Tom Lovelady of Birmingham, Ala., finished second, and Richard Werenski of South Hadley, Mass., finished third.
It was not a bad day or week for that matter for the ex-tennis player from Jupiter.
Berger was introduced to tennis by his father early in life but developed a passion for golf.
That meant saying so long to aces and net cords and exchanging them for birdies and bogeys.
“By far the smartest decision of my life,” Berger said of changing sports. “Also, to be a Florida State Seminole is fantastic.”
A year ago, Berger finished second in the Dixie Amateur to Curtis Thompson, finishing up as friends with a caveat.
Maybe a big caveat.
That would be the competitive angst between them.
“Curtis is a great guy, but on the course I still want to beat the heck out of him,” Berger said.
That also works in the opposite direction.
For his great showing in the tournament, Berger gave credit to his putter.
“To have that feeling that you’re going to make a putt, that’s really nice,” he said
Also, in a roundabout way, he gave credit to his mental path.
“We’re competitive,” he said of him and his family. “That’s just the way we are.”
Of course, Friday there wasn’t much competitiveness.
That’s what happens when you go out and win by 13 strokes.
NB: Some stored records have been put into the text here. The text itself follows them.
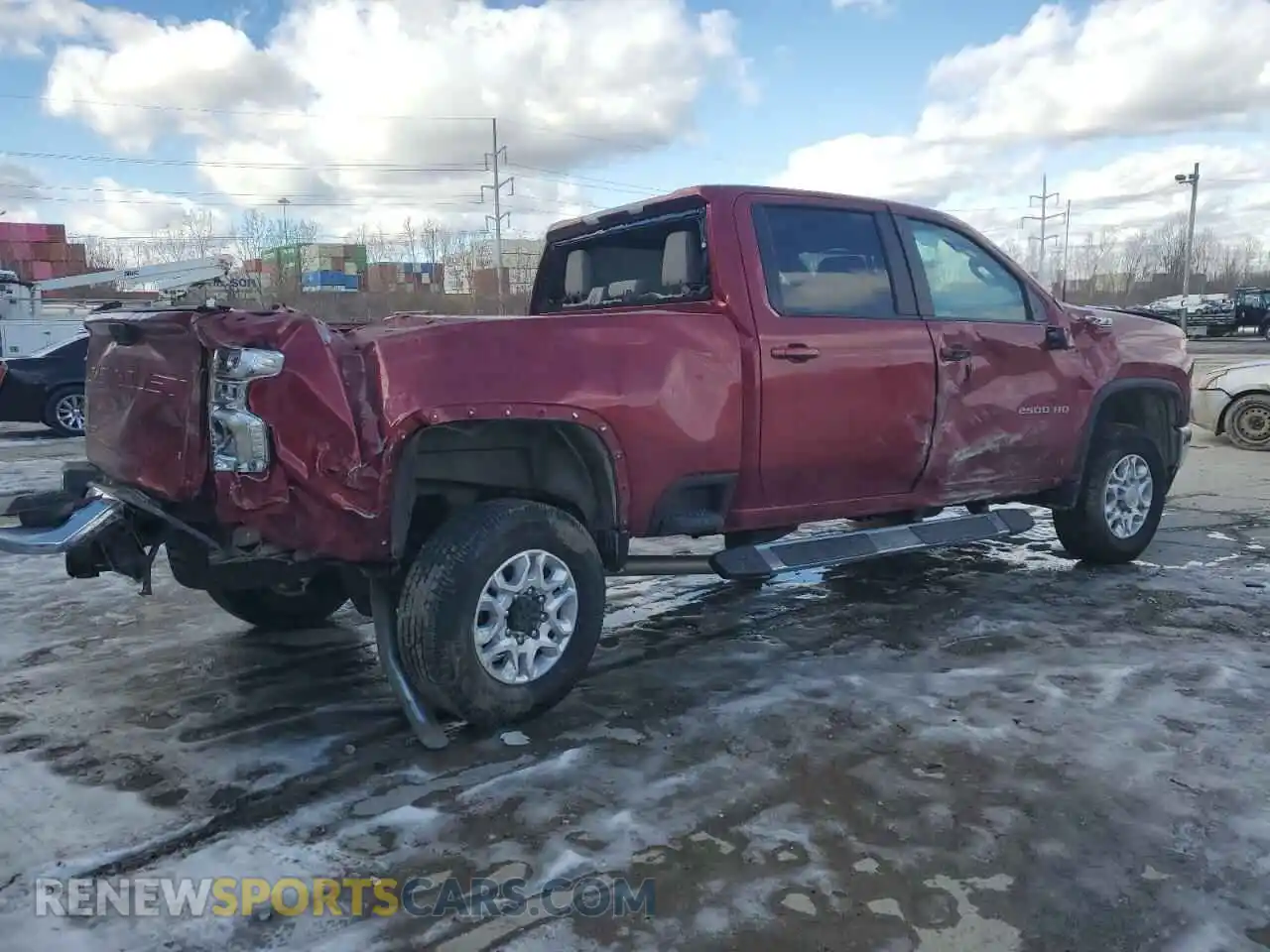 3 Photograph of a damaged car 1GC4YNE75MF262743 CHEVROLET ALL Models 2021
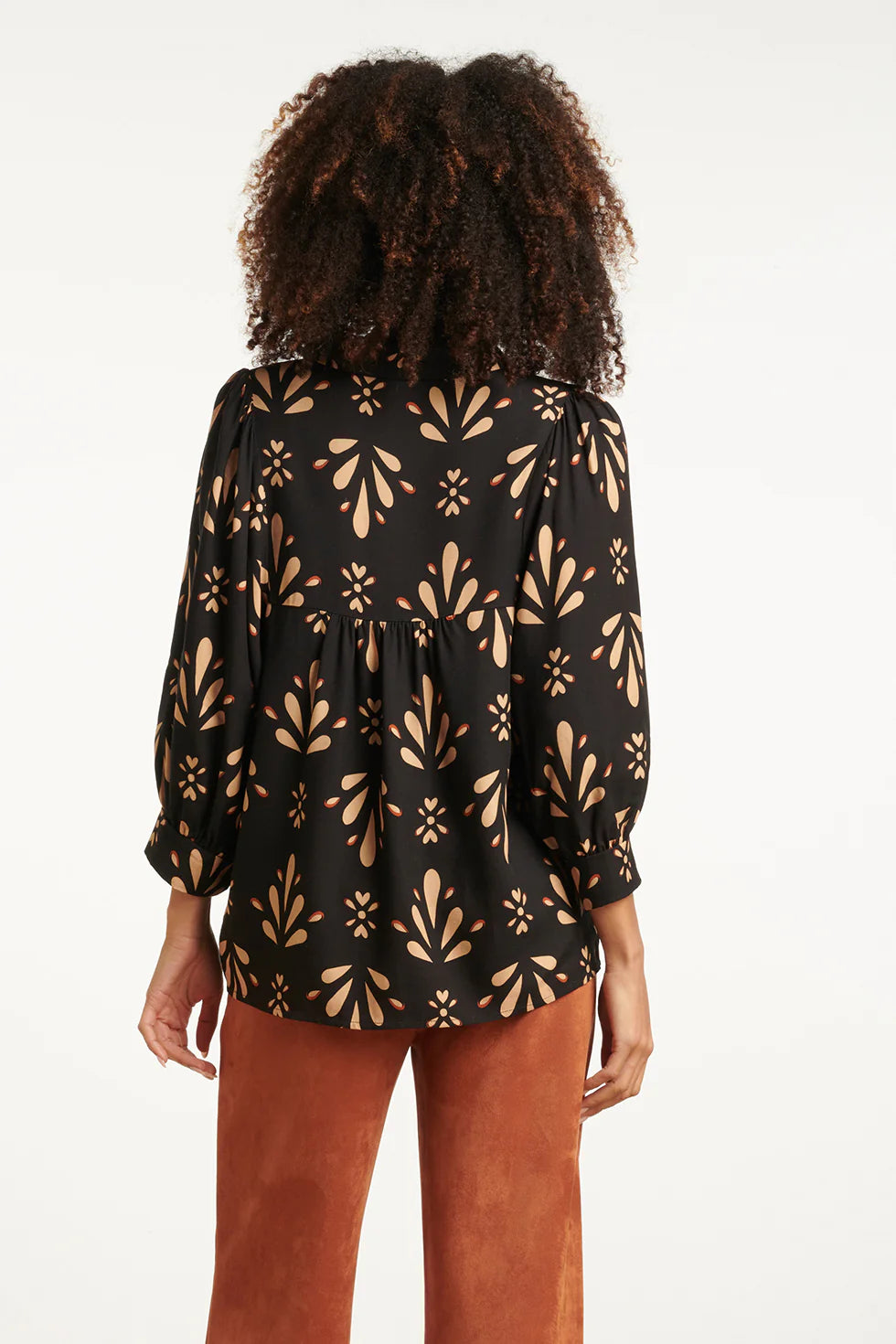 Blusa Noir Camel Élite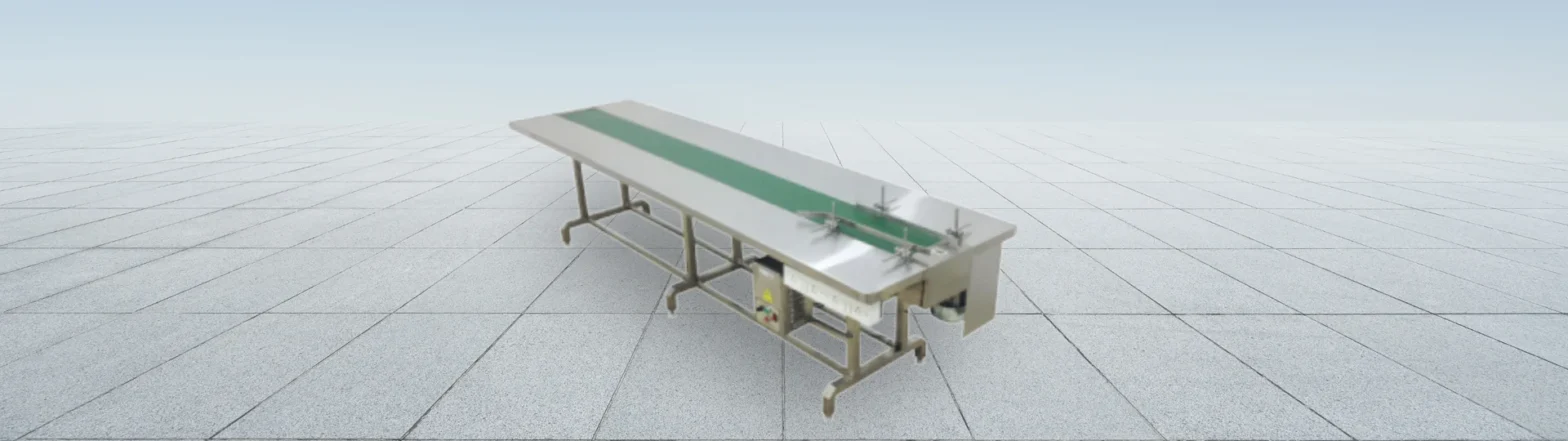 The Role of Conveyor Packing Stations in Boosting Throughput & Cleanliness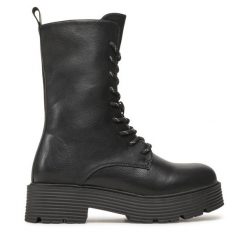 Botki JENNY. Czarne botki Jenny, bez wzorów, bez obcasa, na płaskiej podeszwie, bez zapięcia. Za 199.99 zł.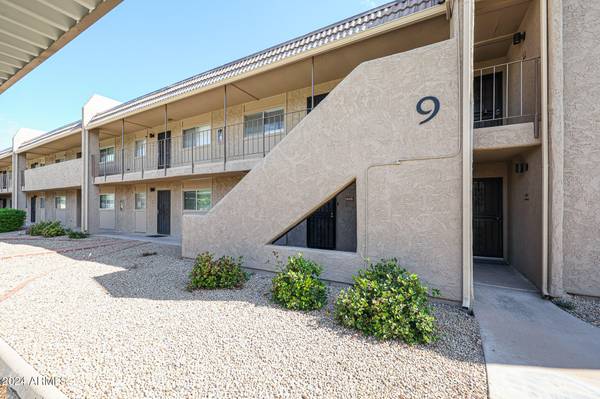 Scottsdale, AZ 85250,7436 E Chaparral Road #265B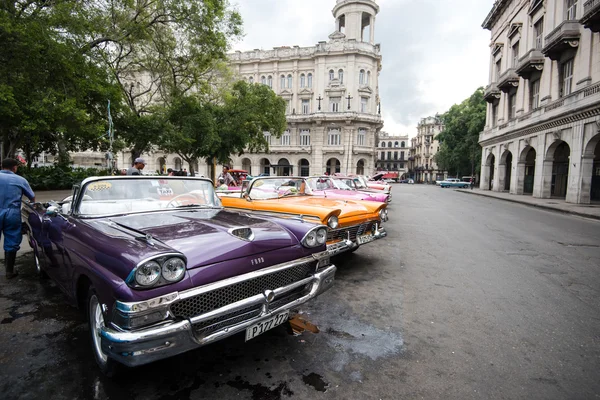 La Havane, Cuba - 22 septembre 2015 : Voiture américaine classique garée — Photo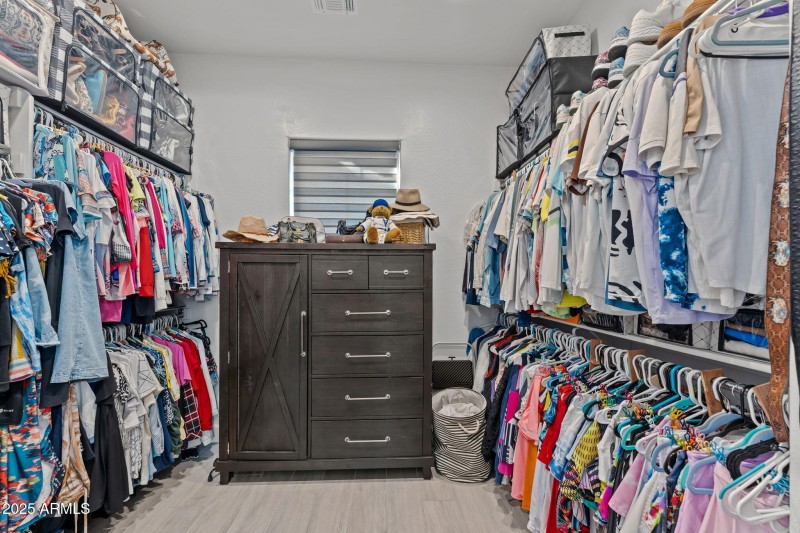 Primary suite closet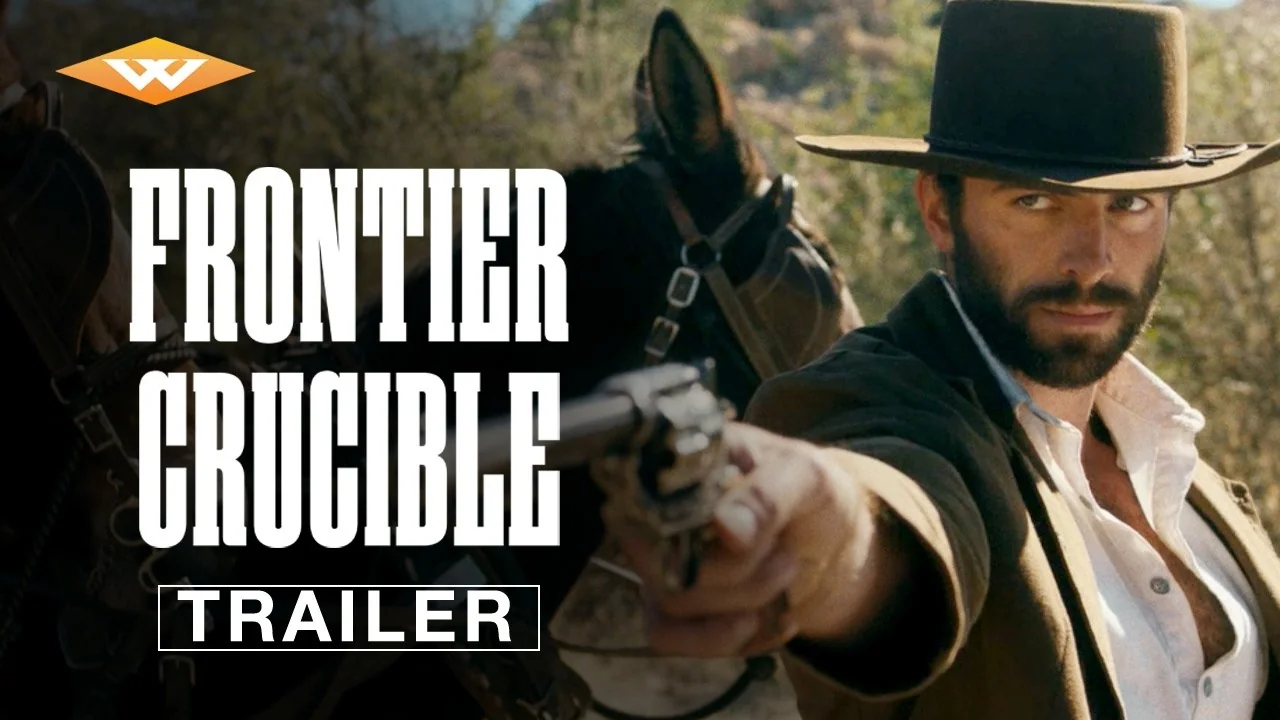Armie Hammer aparece con sombrero de cowboy y apunta una pistola en la imagen promocional de Frontier Crucible.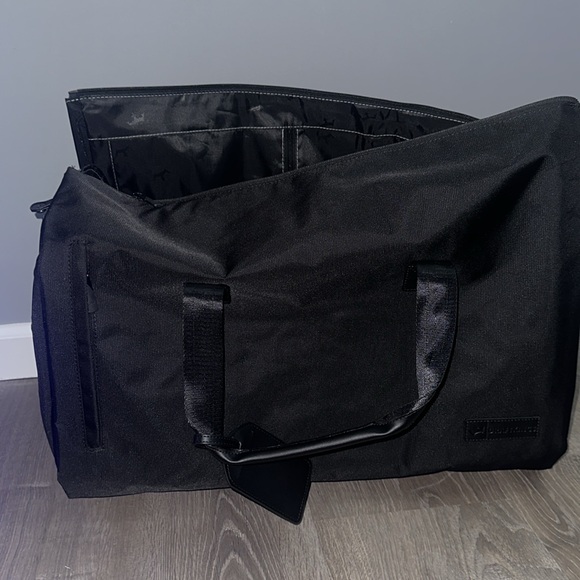 **BRAND NEW** DRAFT KINGS WEEKEND BAG - Picture 5 of 7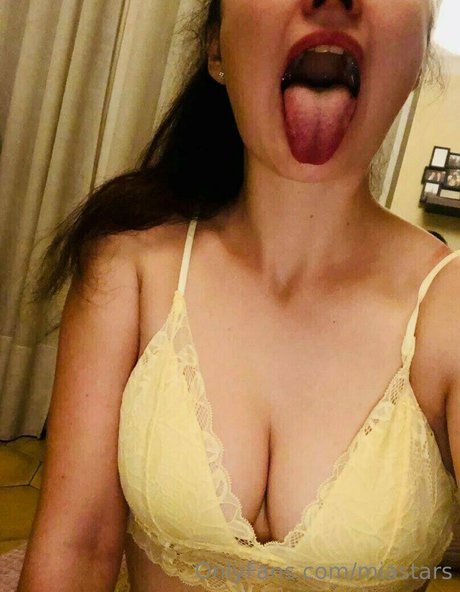 Nagie wyciekłe zdjęcie OnlyFans od Miastars
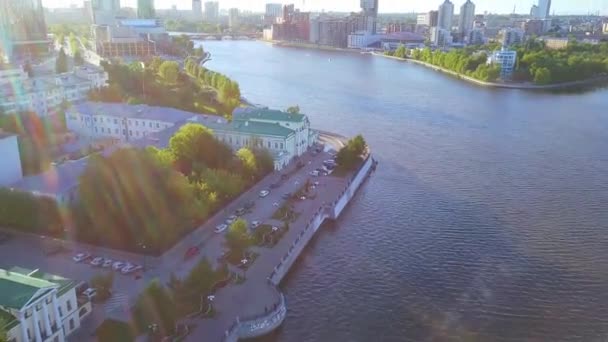 ロシア エカテリンブルク 2018 中央池の堤防 高層ビルと新しい建物への飛行 ビデオ Ultrahd — ストック動画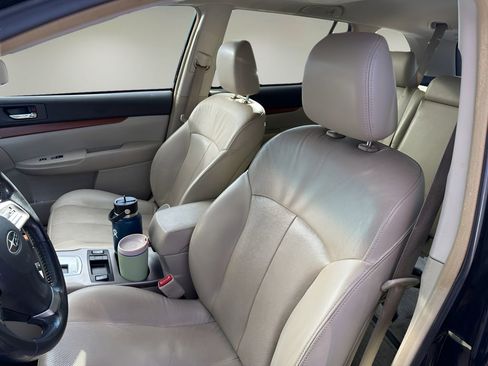 Used 2014 Subaru Outback 3.6R Limited image 3
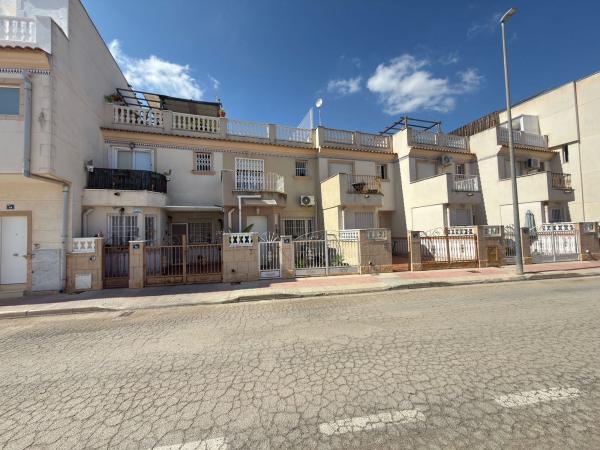 Chalet adosado en calle la Cenia s/n photo 1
“Just put the metal to the pedal,” Berger said.
Bill Van Smith
Final-round results: 1. Daniel Berger, Jupiter, 70-265 (-22); 2. Tom Lovelady, Birmingham, Ala., 74-278 (-9); 3. Richard Werenski, South Hadley, Mass., 71-279 (-8); 4. Trey Mullinax, Mount Olive, Ala., 74-280 (-7); 5. Hunter O’Mahoney, Tequesta, 72-281 (-6); Alex Carpenter, Little Rock, Ark., 72-281 (-6); 7. Tim Crouch, Lakeland, 72-282 (-5).
South beach event
Winds of up to 25 mph at Miami Beach Golf Club couldn’t have come at a worse time for golfers on the leaderboard heading into the final round of the South Beach International Amateur.
Several were disturbed by the conditions, but one player in particular would not be affected.
With a calm demeanor that served as the antithesis to the swirling winds, University of Arizona product and Mexican-born Juan Pablo Hernandez took home the trophy of the second-year event with a 3-under 68 in the final round.
He finished with a score of 273, which was enough to top Winter Springs’ Hank Lebioda, the runner-up, by four strokes.